I think I'm doing something wrong there, but I can't figure out what. For the time being, I'm testing with Windows and CIFS - I created a 10GB volume, enabled deduplication, shared it via CIFS, and copied a 1GB file there. Manually ran asis on the volume, created a snapshot, then copied the same file there again, overwriting the original - but it's the very same file. Ran asis again, and it didn't find anything to deduplicate, and now I had a total of 20% used space on the volume. Took another snapshot, ran asis - nothing. Copied the file again, ran asis again - still nothing, and 30% used. What's the proper way to have asis deduplicate between current data and a snapshot and/or existing snapshots? Is there one?
I created the volume from system manager and checked 'enable deduplication' on creation. To start deduplication I ran 'sis start /vol/test_bak' from CLI. I just tried the same thing with the -s switch, but it didn't help - I've got a 1GB snapshot and 1GB data on the volume, and asis can't find anything to deduplicate.
netapp2> df -hs test_bak Filesystem used saved %saved /vol/test_bak/ 2053MB 0MB 0% netapp2> df -h test_bak Filesystem total used avail capacity Mounted on /vol/test_bak/ 10GB 2053MB 8186MB 20% /vol/test_bak/ /vol/test_bak/.snapshot 0MB 1026MB 0MB ---% /vol/test_bak/.snapshot netapp2> sis status /vol/test_bak Path State Status Progress /vol/test_bak Enabled Idle Idle for 00:18:27
The *file* itself does not have any data to be deduplicated - it's an encrypted archive. However, the snapshot copy and the live copy are exactly the same file - what I need is for the filer to deduplicate the live data against snapshot(s), if that is at all possible.
You cannot dedupe from Snapshot to Active File System.
The data in the Active Files System can be deduplicated (if the content allows it, and you are right, the kind of file you are testing with does not work).
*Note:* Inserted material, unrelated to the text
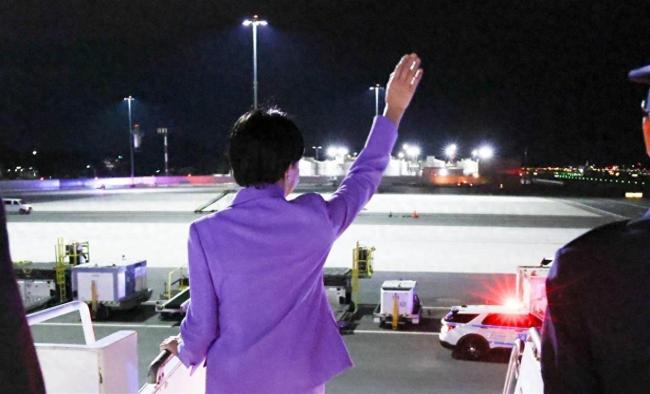 高市早苗返回日本:不管有人没人先向空气挥个手,笑着缓缓走下舷梯 尴尬的“空气欢迎仪式”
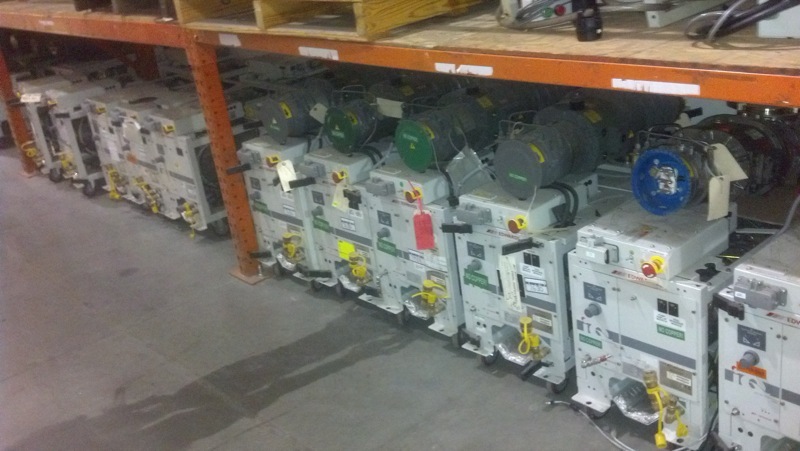 Photo Utilisé EDWARDS Lot of (400) iQDP80 / iQDP40 pumps À vendre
The SnapShots are a READ-ONLY copy of the AFS-inode (incl. pointers) and therefore cannot be deduped separately.
All you can get deduped is the data in the AFS, then snapshot the volume and save space in the snapshot as well, beacuse the blocks are already multipointered by the AFS-dedupe process.
I thought it might be smart enough to compare current data with existing snapshots, but apparently not. A bit of googling gave up options cifs.snapshot_file_folding.enable which seems to do this very thing for CIFS clients - is there an NFS counterpart?
I guess I could just get the Caché admin to rotate backups between backup.1, backup.2, etc, keeping versions in different folders on the active filesystem without Netapp snapshots - less elegant, but I suppose it'll work just fine. In this scenario, asis shouldn't have problems deduplicating between database dumps.